Chiunque abbia in mente di scrivere il proprio curriculum vitae sa bene che si troverà di fronte a una lunga serie di difficoltà. In primo luogo, è indispensabile risultare sintetici e il più possibile chiari, ma per essere concisi non si può trascurare alcuna informazione utile. Al di là del contenuto, poi, ci si deve preoccupare della forma, ipotizzando un’impaginazione che si riveli intrigante senza compromettere la leggibilità. I dubbi e le complicazioni aumentano per le persone disabili, che si chiedono se occorra o meno parlare del proprio handicap nel cv. Le ansie che sorgono a questo proposito sono facili da intuire: da un lato c’è il desiderio di essere onesti, anche per evitare di perdere tempo con colloqui inutili; dall’altro lato c’è il timore di spaventare i selezionatori.
Meglio essere sinceri
Il consiglio è quello di essere chiari e sinceri sin dal primo momento, non solo per una questione etica, ma anche per motivi pratici. Un’azienda che non è interessata ad assumere persone disabili non cambia di certo idea se viene a conoscenza dell’handicap di un candidato al momento di un colloquio. Vale la pena, dunque, di specificare la propria percentuale di disabilità, magari precisando se essa è causa di problemi o inconvenienti (per esempio dal punto di vista degli spostamenti) o meno.

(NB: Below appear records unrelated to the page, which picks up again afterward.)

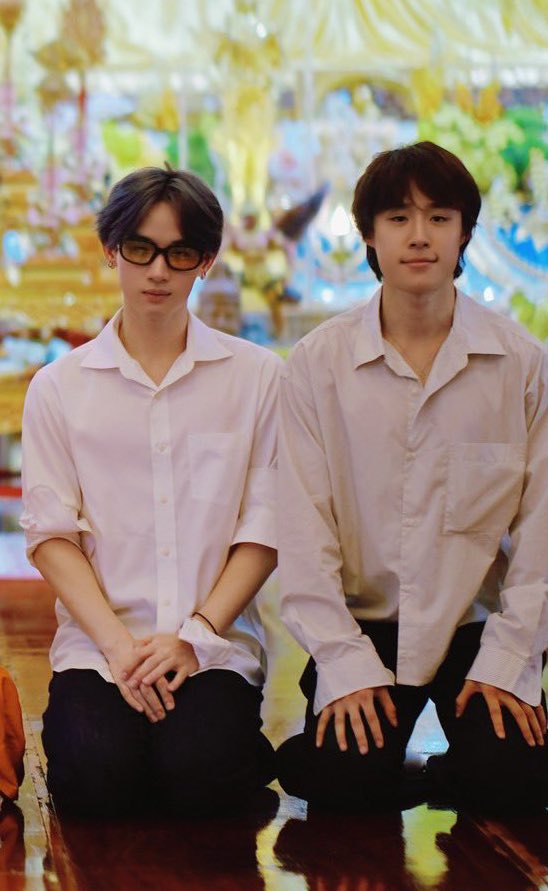 ขอโทษนะ แต่น้องฮงนั่งเหมือนแม่ นัทนั่งเหมือนพ่อนี่เวลาไปวัดอะ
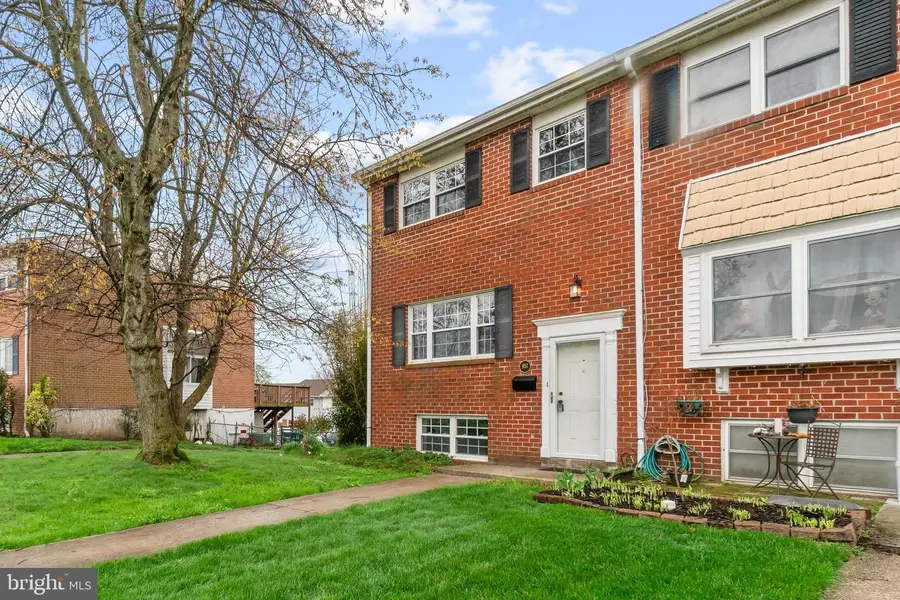 957 Stormont Cir, Baltimore, MD 21227 - #3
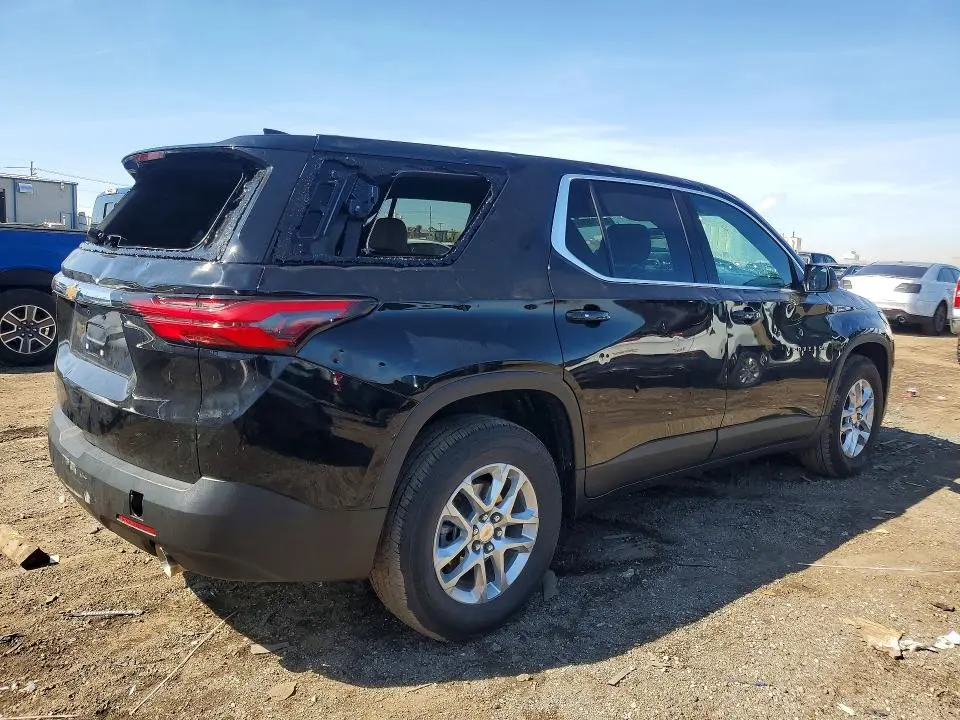 2023 CHEVROLET TRAVERSE LS  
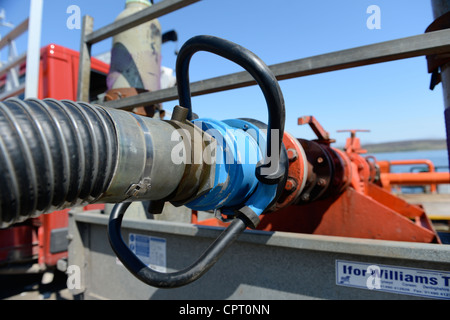 Nave di bunkeraggio e il dosaggio di gasolio marino a Lerwick Shetland Foto Stock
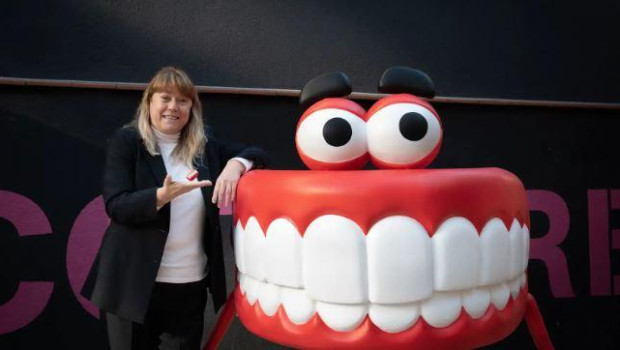 La consejera de Cultura de la Generalitat, Natàlia Garriga, junto a la figura de Queta, una dentadura gigante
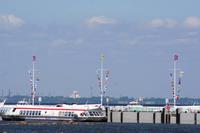 Peterhof - Anlegestelle der Raketas mit Bick auf Kronstadt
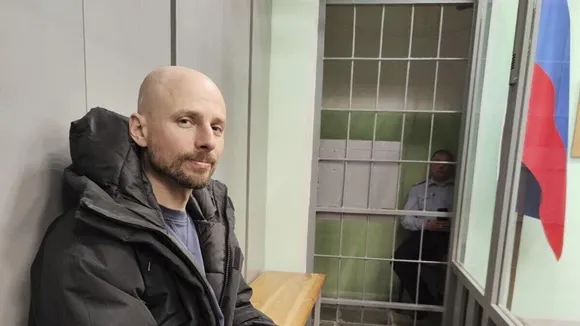 Russian Journalists Arrested on Extremism Charges Linked to Navalny YouTube Videos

Il mondo del lavoro è aperto ai disabili?
Secondo i dati Istat, la disabilità incide in misura significativa rispetto all’esclusione dal mondo del lavoro. Tra i soggetti di età compresa tra i 15 e i 64 anni con disabilità, meno di 1 su 5 è occupato, mentre la media nazionale è di quasi il 60 per cento. Tra le persone disabili, poi, raddoppia la quota di inattivi: si parla di circa il 70 per cento, mentre nel resto della popolazione si supera di poco il 30 per cento. Viene spontaneo domandarsi, tuttavia, perché ciò avvenga, visto che da più di due decenni esiste una legislazione ad hoc dedicata alle persone disabili e al loro diritto al lavoro. Un diritto che non solo viene disciplinato, ma è anche protetto dalla legge 68 del 1999.
Che cosa prevede la legge
Lo scopo di questo provvedimento, come viene messo in evidenza dal primo articolo, è quello di favorire l’inserimento nel mondo del lavoro delle persone disabili e la loro integrazione, tramite servizi di collocamento e di sostegno. Gli obblighi di legge impongono che ci debba essere, nelle aziende, un disabile ogni 15 persone assunte. Tuttavia, la stessa normativa non indica quali ruoli possono e debbono essere ricoperti dai disabili, che – quindi – non di rado vedono sminuite le proprie capacità o sono costretti a occuparsi di mansioni di secondaria importanza. Dalla teoria alla pratica, insomma, il passaggio è quasi traumatico, poiché è una prassi alquanto diffusa quella di attribuire un ruolo marginale a una persona handicappata: magari non perché non ci si fida, ma solo perché si ha paura che, in caso contrario, il lavoro verrebbe rallentato.
Perché i disabili vengono discriminati nel mondo del lavoro
Nel 2018 è stata modificata la legge che imponeva l’obbligo di assunzione di persone disabili unicamente nel caso di ulteriori integrazioni all’organico. Tali cambiamenti hanno determinato le proteste dei piccoli imprenditori, che si sono ribellati sostenendo il loro diritto ad assumere dipendenti capaci di assicurare loro il miglior risultato possibile. Tuttavia, il loro punto di vista non era quello giusto: non si dovrebbe assumere una persona disabile solo per aiutarla o per farle un favore (oltre che per rispettare la legge e non subire sanzioni), ma perché essa può avere competenze identiche o migliori di quelle di un normodotato.
I disabili sono qualificati: provare per credere
Il grande paradosso italiano è che in molte circostanze i soggetti portatori di handicap sono qualificati e competenti, complici gli incentivi pubblici che vengono forniti ai disabili per consentire loro di studiare. Per esempio, nella maggior parte delle più importanti università del nostro Paese si ha diritto a un esonero totale o parziale dal pagamento delle tasse universitarie nel caso di una disabilità di almeno il 33 per cento. Come si può dedurre, allora, lo Stato spende – e molto – denaro per assicurare la formazione di figure professionali che, tuttavia, non vengono messe nelle condizioni di sfruttare le proprie capacità.